** GIVEN RECORDS follows **
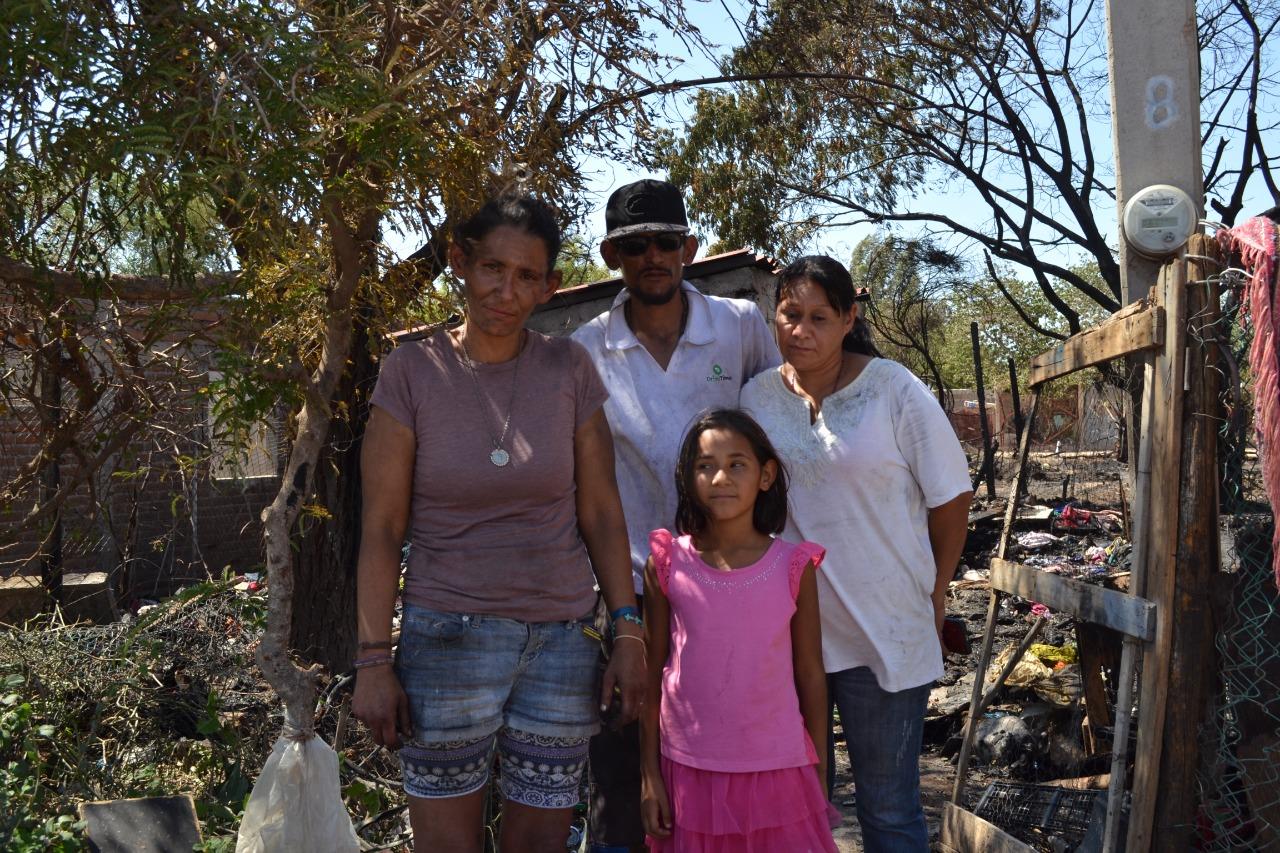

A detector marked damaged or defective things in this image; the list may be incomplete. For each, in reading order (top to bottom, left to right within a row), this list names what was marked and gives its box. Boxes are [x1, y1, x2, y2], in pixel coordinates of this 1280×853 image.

damaged fence [940, 230, 1280, 848]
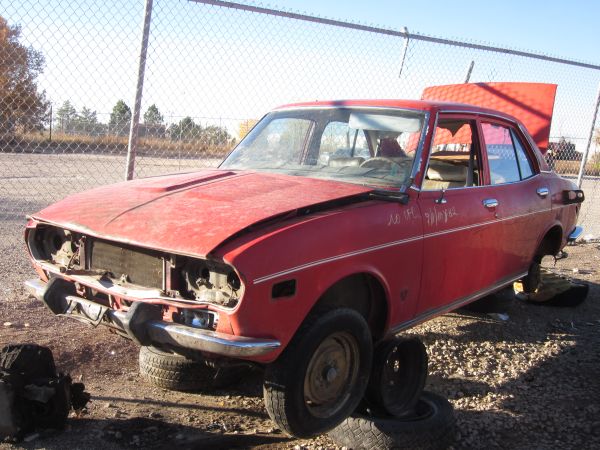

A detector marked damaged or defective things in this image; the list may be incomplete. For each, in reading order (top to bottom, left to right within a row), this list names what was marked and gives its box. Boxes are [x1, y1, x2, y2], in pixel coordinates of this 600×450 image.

damaged front end [23, 221, 282, 358]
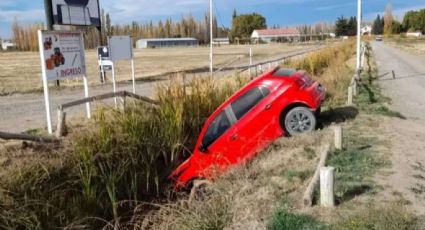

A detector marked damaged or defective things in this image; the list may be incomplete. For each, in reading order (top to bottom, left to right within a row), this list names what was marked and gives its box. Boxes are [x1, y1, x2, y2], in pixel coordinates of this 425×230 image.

crashed vehicle [170, 67, 324, 189]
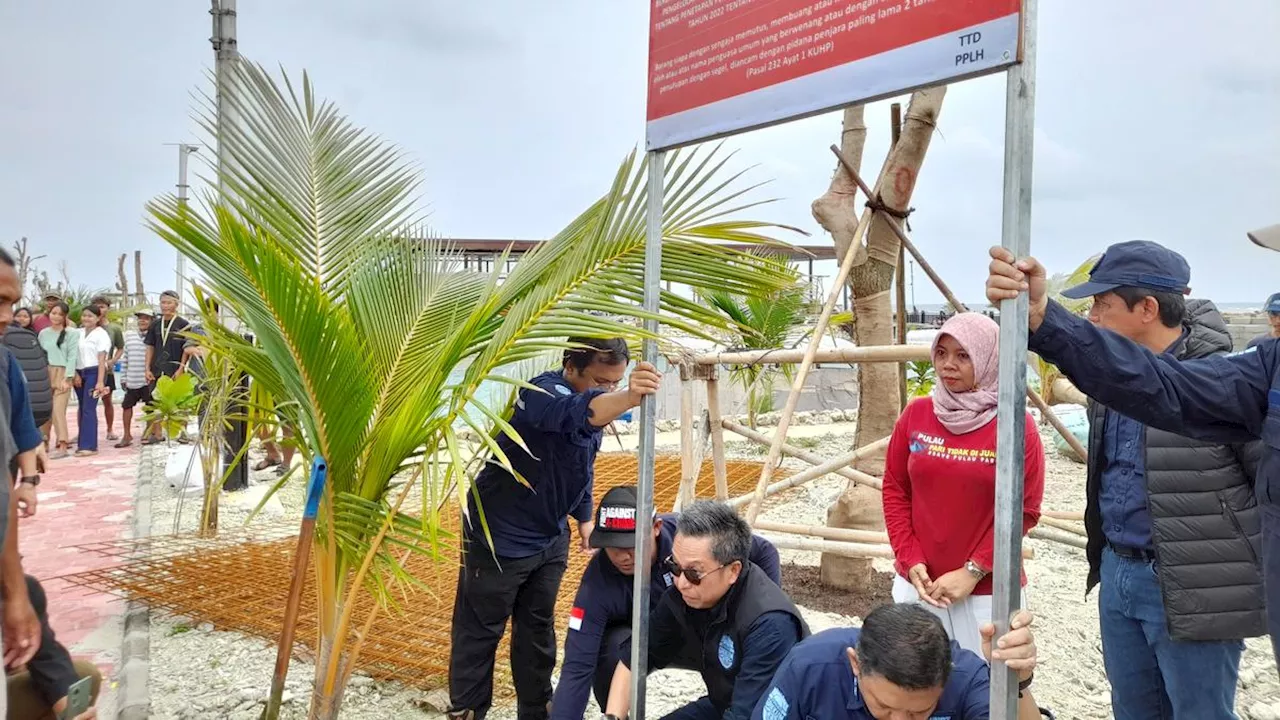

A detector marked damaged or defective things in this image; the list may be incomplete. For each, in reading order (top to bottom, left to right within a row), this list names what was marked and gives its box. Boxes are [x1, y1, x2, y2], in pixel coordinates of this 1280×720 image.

rusty rebar mesh [60, 450, 783, 691]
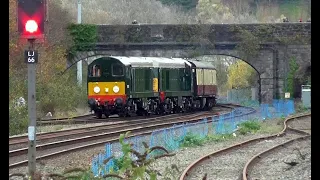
** End of GIVEN RECORDS **
▸ **EXERCISE DETAILS**: Your reply must hold only the lines from the line containing "this 1280×720 image." through the end of the records above, written out exactly, both ends included, with no pictures, please.

▸ **ANSWER AREA**:
A detector marked damaged or defective things in this image; the list may be incomplete. For each, in reading order (top to bottom, left to right within a row), this list names what was marked and gives its box. Boxes are [x1, y1, x2, y2], in pixel coordinates of this 1280×720 image.

rusty rebar mesh [60, 450, 783, 691]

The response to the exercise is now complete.